Aim:
To isolate, identify and Mass
production of Trichoderma viride.
Introduction:
Trichoderma
viride is very promising method against soil borne plant parasitic fungi. The
fungal pathogens play a major role in the development of diseases on many
important field and horticultural crops; resulting in severe plant yield
losses. Intensified used of fungicides has resulted in accumulation of toxic
compound potentially hazardous to human and environment an also in the buildup
of resistance of the pathogens. Large scale production, along with shelf life
and establishment of bioagents in targeted niche, determine the success of
biological control. Therefore cost effective large scale production, shelf life
of formulation, establishment of bioagent in to targeted niche and consistency
in disease control are the primary concern with augmentative biological
control. Adaptation of technology in the biocontrol arsenal needs to be
investigated.

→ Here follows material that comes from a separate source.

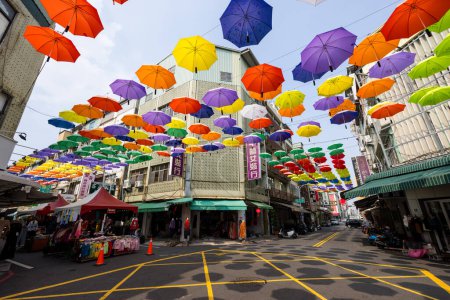 Photo for Taiwan - 02 February 2024: Colorful Umbrellas Hanging In Hou Yi Shopping Street in Kaohsiung of Taiwan - Royalty Free Image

Development of acceptable easily prepared and cost effective
formulations for delivery should be major goal.
Materials Required:
PDA Medium
Grains (Rice, Wheat, Pulses)
Procedure:
Isolation and Identification of T.
viride
Fungal species Trichoderma viride was
isolated from soil samples by using potato dextrose agar (PDA) mediumGreen
conidia forming fungal bodies were selected and microscopic observation was
identified to be Trichoderma viride. The culture was maintained on PDA slants.
Grain Medium
Three Grains viz rice, wheat and pulses were
used for estimating the biomass of Trichoderma viride at 26 ˚C. 20 g of
each grain was washed well and boiled in distilled water for 1 hr. and then
mesh properly and filter it, now makeup 1 liter with distilled water. Now these
grain mediums were packed separately in individual 500 ml conical flask for Trichoderma
viride. They were plugged with cotton wool and autoclaved at 15 psi for 1hr
at 121˚C. After cooling, 1 gm of the fungal culture was inoculated into each
flask, separately. All these action were done under laminar air flow chamber.
They were incubated in BOD incubator at 26˚C for 3 weeks. To avoid clumping,
after 7 days of inoculation, the flasks were shaken vigorously to separate the
culture and to break the mycelial mat. After 14 days of incubation, the
mycelial mat appeared in flasks. Now it was grow well for 21 days. The flasks
were shaken in mechanical shaker for 10 min. The suspension was filtered
through double layered muslin cloth and then taken biomass in each grain
medium.
Result:
Among the grain media, pulses medium
produced significantly higher of biomass production was recorded in Trichoderma
viride. Abundance of minerals in the pulses medium may enhance the growth of
fungi. Rice and wheat medium also supported the growth of both the tested
fungi.
Ref:
Mridula et.al., 2012. Isolation,
characterization & biomass production of Trichoderma viride using various
agro products- A biocontrol agent. Advances in Applied Science Research, 2012,
3 (6):3950-3955.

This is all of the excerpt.